Synchronize Safes and accounts from Privilege Cloud

Conjur Cloud secrets are most often synced from accounts in Privilege Cloud. In Privilege Cloud you can store secrets in Safes and manage their password rotation policies.

This topic assumes you are familiar with creating Safes and accounts in Privilege Cloud. If you are not, see the Privilege Cloud documentation for details.

Set up your Privilege Cloud accounts to work with Conjur Cloud

In order for accounts in Privilege Cloud to sync to Conjur Cloud, you need to associate the Safe that contains the accounts to Conjur Cloud. Syncs to Conjur Cloud are performed on a Safe level.

Step 1: Associate Privilege Cloud Safe with Conjur Cloud

Add the Conjur Sync user as a member of the Safe that contains or will contain the accounts you want to sync to Conjur Cloud.


For details on adding members to Safes, see your Privilege Cloud documentation.

  • If you do not see the Conjur Sync user in the list of available users, turn on Show system component users.

  • When you add the Conjur Sync user to the Safe, grant it the following permissions on the Safe:




    • Use accounts

    • Retrieve accounts

    • List accounts


    Access Safe without confirmation

Step 2: Add an account to your Safe

Privilege Cloud accounts contain the secrets that are synced to Conjur Cloud. When adding an account to a Safe associated with Conjur Cloud, take note of the following:

  • The account name is part of the secret name that is synced to Conjur Cloud. When naming the account, we recommend enabling Customize account name and giving the account a short and logical name. For more information, see Privilege Cloud Safe and account representation in Conjur Cloud.

  • When defining an address in the account properties, if you are specifying an IPv6 address, use the global format, for example: 1000:1000:1000:1000:1000:1000:1000:0055W.

  • Each time Privilege Cloud syncs with Conjur Cloud (every minute), corresponding secrets are created in Conjur Cloud. Hosts and users must be granted access to these secrets. For more information, see Grant permissions on secrets.

Privilege Cloud Safe and account representation in Conjur Cloud

Each Privilege Cloud account is represented in Conjur Cloud by one or more secrets where one secret is for the account password and the other secrets are for each account property.


For information aboutPrivilege Cloud account properties, see the Privilege Cloud documentation.

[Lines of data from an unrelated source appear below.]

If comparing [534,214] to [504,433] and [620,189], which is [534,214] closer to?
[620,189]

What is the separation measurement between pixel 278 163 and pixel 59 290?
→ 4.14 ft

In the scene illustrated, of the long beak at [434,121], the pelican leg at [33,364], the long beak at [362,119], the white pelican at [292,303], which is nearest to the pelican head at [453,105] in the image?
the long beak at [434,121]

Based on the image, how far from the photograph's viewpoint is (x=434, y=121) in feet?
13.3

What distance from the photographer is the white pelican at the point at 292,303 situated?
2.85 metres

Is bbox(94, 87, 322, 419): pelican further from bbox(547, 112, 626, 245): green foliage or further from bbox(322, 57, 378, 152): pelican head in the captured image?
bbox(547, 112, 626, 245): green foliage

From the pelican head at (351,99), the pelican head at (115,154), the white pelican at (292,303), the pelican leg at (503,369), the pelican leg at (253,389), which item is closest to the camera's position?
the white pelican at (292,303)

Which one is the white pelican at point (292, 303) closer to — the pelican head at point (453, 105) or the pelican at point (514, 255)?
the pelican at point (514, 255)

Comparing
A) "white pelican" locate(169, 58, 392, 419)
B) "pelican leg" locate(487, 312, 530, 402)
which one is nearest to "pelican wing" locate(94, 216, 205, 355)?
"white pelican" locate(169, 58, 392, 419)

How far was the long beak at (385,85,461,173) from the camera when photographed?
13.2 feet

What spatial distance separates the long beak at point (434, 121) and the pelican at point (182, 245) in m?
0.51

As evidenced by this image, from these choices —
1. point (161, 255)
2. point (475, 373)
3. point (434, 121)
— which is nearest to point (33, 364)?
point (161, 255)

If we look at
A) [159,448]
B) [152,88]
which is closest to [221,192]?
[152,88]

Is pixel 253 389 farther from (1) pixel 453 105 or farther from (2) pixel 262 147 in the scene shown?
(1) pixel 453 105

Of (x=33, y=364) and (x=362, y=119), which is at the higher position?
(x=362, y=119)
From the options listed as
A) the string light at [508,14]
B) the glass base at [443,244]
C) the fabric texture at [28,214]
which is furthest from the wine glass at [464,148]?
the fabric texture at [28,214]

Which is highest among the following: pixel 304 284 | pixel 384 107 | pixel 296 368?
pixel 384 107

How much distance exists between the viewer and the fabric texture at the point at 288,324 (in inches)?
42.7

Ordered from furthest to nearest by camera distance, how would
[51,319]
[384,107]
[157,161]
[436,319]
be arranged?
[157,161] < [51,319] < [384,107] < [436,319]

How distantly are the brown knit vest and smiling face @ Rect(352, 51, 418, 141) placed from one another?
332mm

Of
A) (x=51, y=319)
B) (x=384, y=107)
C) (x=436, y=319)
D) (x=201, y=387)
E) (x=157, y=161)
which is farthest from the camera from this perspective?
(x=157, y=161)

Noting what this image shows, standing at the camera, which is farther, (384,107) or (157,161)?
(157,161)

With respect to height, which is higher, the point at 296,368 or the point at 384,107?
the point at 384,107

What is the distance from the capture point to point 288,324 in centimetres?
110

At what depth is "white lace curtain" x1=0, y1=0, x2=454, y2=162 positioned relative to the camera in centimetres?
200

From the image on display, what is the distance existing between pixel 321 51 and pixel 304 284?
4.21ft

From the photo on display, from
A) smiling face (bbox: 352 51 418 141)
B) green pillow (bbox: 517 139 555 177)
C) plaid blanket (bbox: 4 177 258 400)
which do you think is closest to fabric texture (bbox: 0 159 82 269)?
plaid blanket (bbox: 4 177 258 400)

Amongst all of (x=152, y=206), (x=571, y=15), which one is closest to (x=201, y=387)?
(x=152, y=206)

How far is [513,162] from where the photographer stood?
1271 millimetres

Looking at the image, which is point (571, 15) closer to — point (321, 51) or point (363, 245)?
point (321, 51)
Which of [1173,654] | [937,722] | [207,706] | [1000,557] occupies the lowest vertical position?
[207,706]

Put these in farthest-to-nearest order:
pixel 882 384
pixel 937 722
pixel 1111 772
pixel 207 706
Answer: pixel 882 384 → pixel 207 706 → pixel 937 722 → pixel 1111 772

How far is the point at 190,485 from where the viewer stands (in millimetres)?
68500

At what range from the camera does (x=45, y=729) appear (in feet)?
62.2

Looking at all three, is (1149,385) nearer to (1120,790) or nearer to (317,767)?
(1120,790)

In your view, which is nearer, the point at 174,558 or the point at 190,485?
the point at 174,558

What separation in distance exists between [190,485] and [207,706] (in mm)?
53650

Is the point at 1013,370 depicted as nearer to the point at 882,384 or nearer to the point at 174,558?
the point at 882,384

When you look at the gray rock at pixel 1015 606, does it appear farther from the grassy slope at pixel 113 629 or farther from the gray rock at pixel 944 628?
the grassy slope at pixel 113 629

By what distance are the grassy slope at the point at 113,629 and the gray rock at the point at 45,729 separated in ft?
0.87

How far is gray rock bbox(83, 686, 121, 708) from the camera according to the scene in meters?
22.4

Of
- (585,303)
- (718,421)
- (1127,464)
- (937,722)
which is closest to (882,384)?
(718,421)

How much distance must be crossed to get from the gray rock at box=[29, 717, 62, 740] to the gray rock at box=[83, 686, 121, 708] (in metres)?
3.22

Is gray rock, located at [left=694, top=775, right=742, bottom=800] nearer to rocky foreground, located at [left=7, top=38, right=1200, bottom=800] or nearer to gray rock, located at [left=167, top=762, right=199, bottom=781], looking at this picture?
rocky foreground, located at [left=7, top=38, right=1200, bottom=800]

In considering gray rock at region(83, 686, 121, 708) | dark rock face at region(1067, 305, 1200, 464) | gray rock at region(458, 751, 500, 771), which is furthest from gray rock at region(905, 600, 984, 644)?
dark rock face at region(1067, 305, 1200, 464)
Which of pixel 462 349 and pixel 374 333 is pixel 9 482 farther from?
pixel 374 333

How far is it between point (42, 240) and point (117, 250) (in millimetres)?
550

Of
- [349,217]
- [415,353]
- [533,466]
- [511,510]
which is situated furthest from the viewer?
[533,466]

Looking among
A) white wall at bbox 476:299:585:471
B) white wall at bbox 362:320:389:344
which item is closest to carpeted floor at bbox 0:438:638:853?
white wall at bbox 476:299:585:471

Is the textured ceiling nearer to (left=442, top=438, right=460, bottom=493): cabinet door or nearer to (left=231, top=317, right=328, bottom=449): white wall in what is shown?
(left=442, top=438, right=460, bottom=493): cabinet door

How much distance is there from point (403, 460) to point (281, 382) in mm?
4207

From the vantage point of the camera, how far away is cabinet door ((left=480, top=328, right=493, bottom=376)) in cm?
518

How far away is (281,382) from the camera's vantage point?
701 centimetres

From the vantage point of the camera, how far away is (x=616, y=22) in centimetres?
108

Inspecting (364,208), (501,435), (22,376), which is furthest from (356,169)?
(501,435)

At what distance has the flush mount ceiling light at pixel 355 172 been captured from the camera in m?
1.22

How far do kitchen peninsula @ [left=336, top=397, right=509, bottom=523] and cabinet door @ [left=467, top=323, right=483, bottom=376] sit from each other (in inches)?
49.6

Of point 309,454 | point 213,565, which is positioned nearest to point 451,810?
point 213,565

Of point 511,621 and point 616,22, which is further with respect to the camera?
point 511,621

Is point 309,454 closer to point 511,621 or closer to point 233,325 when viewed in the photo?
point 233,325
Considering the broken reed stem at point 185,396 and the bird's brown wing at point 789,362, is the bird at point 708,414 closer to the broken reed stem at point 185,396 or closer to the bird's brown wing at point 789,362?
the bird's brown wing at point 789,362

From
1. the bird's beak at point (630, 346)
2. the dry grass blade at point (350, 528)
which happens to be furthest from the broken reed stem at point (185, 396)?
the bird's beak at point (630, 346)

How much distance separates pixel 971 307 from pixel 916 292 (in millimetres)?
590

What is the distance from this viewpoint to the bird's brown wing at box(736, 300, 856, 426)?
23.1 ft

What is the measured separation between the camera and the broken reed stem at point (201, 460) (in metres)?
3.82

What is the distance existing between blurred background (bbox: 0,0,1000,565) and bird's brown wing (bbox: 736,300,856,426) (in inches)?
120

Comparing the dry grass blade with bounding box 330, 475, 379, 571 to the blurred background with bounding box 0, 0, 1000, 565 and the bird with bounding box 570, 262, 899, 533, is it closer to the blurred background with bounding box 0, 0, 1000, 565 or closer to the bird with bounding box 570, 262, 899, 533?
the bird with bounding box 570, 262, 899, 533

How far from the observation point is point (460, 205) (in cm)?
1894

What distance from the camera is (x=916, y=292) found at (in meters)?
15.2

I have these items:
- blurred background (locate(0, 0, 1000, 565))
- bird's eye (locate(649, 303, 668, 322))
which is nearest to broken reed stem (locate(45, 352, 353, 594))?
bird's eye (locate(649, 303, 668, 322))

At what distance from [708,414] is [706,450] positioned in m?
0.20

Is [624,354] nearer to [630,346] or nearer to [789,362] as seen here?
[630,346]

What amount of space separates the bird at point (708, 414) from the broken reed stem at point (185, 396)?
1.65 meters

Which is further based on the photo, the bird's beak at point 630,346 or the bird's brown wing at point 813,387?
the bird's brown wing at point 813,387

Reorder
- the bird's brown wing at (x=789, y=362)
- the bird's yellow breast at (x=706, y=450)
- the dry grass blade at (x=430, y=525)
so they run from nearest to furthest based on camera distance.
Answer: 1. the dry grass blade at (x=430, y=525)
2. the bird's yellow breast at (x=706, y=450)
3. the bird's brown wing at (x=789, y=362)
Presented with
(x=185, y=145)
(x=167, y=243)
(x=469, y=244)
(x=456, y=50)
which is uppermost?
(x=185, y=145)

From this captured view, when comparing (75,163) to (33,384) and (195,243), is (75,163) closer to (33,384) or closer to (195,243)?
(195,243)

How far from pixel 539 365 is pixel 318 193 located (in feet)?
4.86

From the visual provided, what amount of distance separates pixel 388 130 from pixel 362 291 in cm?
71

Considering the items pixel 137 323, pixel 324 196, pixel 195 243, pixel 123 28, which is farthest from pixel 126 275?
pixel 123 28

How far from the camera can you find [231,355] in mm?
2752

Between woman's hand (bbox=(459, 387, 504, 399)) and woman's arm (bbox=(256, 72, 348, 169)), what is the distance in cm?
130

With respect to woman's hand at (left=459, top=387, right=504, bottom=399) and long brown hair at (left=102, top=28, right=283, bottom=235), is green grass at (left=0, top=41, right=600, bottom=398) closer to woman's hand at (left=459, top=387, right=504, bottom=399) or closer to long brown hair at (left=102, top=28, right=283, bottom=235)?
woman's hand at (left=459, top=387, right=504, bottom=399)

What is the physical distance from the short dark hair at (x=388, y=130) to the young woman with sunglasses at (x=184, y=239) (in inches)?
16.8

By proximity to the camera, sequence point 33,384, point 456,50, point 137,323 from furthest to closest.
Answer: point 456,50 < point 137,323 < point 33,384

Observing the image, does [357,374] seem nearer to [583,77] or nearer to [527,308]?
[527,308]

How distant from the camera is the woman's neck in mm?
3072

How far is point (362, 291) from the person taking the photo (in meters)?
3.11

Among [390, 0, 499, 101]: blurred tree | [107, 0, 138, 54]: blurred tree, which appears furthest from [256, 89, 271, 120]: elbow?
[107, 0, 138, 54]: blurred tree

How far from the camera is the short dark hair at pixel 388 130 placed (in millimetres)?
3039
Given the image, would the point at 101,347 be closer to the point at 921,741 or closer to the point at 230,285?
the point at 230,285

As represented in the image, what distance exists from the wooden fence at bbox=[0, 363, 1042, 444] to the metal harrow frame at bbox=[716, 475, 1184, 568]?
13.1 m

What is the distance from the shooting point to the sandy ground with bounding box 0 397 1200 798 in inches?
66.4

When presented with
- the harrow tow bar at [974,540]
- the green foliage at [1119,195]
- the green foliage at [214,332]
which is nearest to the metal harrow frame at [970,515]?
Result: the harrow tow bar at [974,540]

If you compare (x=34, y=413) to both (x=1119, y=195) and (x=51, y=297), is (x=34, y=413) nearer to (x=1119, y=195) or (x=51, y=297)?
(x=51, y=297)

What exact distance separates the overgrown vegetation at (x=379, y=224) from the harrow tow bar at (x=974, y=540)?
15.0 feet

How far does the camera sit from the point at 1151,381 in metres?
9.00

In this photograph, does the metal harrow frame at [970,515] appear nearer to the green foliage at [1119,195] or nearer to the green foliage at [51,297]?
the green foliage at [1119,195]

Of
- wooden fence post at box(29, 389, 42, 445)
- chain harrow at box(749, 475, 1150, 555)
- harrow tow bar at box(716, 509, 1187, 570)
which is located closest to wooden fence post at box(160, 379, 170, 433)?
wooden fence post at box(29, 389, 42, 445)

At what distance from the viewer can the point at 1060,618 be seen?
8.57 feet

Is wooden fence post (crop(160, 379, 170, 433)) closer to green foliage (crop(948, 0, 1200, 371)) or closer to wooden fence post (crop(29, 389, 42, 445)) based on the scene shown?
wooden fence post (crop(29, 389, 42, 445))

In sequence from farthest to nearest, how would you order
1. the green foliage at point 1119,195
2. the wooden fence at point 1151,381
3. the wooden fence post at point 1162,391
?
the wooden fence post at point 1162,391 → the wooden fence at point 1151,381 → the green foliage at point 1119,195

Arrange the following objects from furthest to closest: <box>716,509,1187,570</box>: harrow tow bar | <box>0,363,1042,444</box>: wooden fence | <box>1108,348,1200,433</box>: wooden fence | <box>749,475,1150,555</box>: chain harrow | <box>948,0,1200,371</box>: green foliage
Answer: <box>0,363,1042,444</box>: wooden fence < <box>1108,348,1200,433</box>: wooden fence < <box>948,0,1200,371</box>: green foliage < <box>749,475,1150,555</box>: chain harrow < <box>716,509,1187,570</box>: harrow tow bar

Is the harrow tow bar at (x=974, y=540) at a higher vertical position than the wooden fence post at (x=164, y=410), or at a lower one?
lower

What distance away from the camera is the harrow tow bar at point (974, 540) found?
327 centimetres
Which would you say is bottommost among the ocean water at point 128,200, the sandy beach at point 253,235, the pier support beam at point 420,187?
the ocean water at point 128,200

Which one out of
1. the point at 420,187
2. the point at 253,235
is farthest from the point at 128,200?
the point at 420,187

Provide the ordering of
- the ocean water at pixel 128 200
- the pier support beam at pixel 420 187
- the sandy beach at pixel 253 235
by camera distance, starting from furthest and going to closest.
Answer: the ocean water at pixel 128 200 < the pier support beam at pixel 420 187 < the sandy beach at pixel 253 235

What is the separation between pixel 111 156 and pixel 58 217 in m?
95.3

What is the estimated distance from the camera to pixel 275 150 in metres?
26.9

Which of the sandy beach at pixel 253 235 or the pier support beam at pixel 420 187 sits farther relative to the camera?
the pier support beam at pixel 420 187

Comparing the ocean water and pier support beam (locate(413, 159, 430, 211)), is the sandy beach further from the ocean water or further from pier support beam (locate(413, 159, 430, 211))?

A path to a secret in Conjur Cloud is composed of the following elements:

data/vault/<safe-name>/<account-name>/<account property>


The name of the Safe in Privilege Cloud (lowercase).


The account name in the Safe (lowercase).


The account property that the secret represents (lowercase):

  • If the secret represents the password, the value is password
  • If the secret represents another account property (other than password), the value is the name of the property in lowercase, for example username or address

Let's say, for example, your Safe in Privilege Cloud is called myapp. The Safe1 Safe contains an account, dbaccount, which has a username property.

When the Safe syncs to Conjur Cloud, the following two secrets are created for the account in Conjur Cloud, with their values:

  • data/vault/Safe1/dbaccount/password
  • data/vault/Safe1/dbaccount/username

Renamed Safes and accounts

If you rename a Safe or account, when the Safe syncs to Conjur Cloud, new secrets are created using the new Safe/account name. Hosts and users must be granted access to these new secrets. For more information, see Grant permissions on secrets.


Secrets that correspond to the Safe/account before you renamed it are not deleted from Conjur Cloud.